Malgré une consommation mensuelle de 70 tonnes, La Mère Poulard ne parvient pas à signer de contrats directs avec des producteurs locaux. «Aucun fabricant ne veut s’engager sur la durée, même si je suis prêt à payer le prix demandé», explique Sébastien Pautrel. Cette dépendance renforce l’empreinte carbone de l’entreprise, alors même qu’elle cherche à réduire son impact environnemental.

Une flambée des prix portée par les intermédiaires

La situation reflète les tensions du marché mondial. Avec une consommation annuelle moyenne de 8,5 kg par habitant, la France ne produit pas assez de beurre pour répondre à la demande, notamment industrielle. Simultanément, la production européenne diminue tandis que les besoins, notamment asiatiques, explosent. En conséquence, le prix du beurre industriel a bondi de 80 % en un an.

Les traders, souvent basés aux Pays-Bas pour des raisons fiscales, profitent de cette dynamique. En spéculant sur les stocks, ils revendent à des prix beaucoup plus élevés, privant agriculteurs et producteurs de la juste part des bénéfices. «Le beurre livré à la biscuiterie avait été produit huit mois plus tôt et stocké avant d’être revendu à un tarif bien supérieur», précise Sébastien Pautrel.

Vers une régulation pour privilégier le local

Malgré l'absurdité d'une telle situation, les industriels n'ont d'autres choix que de continuer à passer par des sociétés de négoce. «Ils facilitent la mise en relation, connaissent l’évolution des prix, des stocks, permettent l’accès à un marché beaucoup plus vaste», explique au Parisien Christophe Brusset, ex-directeur des achats dans l’agroalimentaire en France, et auteur de plusieurs livres dénonçant les dérives du secteur.

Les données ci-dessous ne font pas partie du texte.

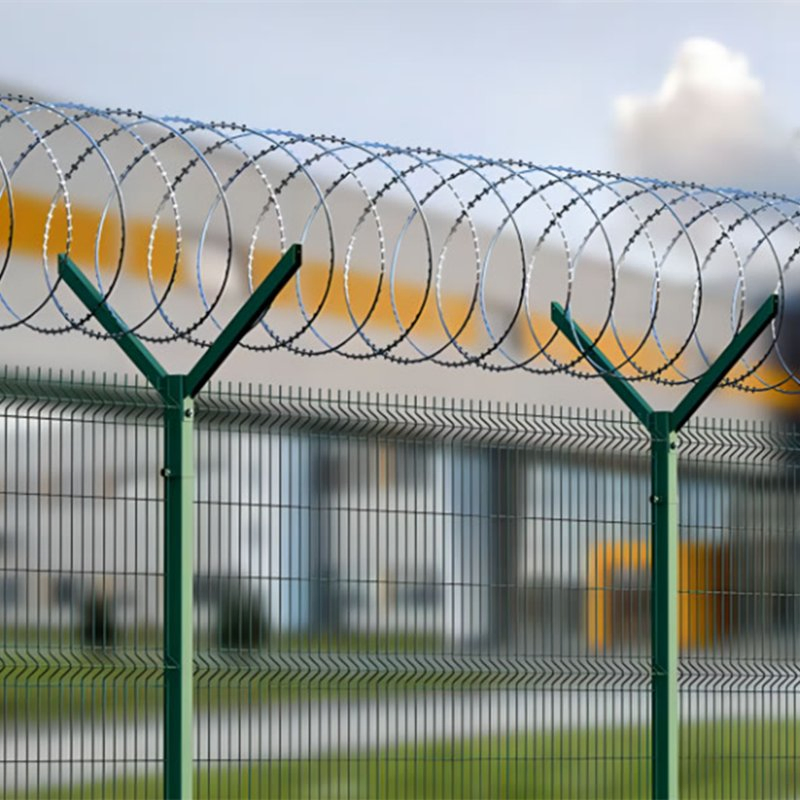 High Security Customized Anti Climb Iron Wire Mesh Fence for Airport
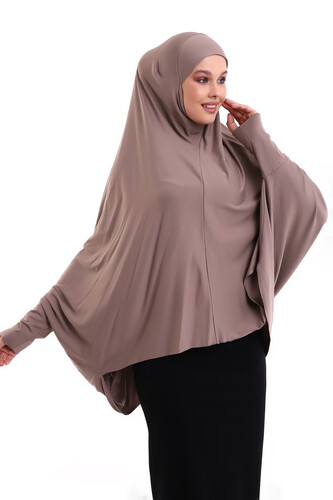 Combed Souffle Sleeve Brown Color (Malaysia) - 3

Pour sortir de cette dépendance, certains plaident pour une régulation stricte garantissant une production locale durable et réduisant l’impact carbone. «Tant qu’il n’y aura pas de législation sur l’origine des produits et leur empreinte écologique, les industriels continueront de dépendre des négociants», souligne auprès de nos confrères, Olivier Mevel, maître de conférences à l’Université de Bretagne occidentale.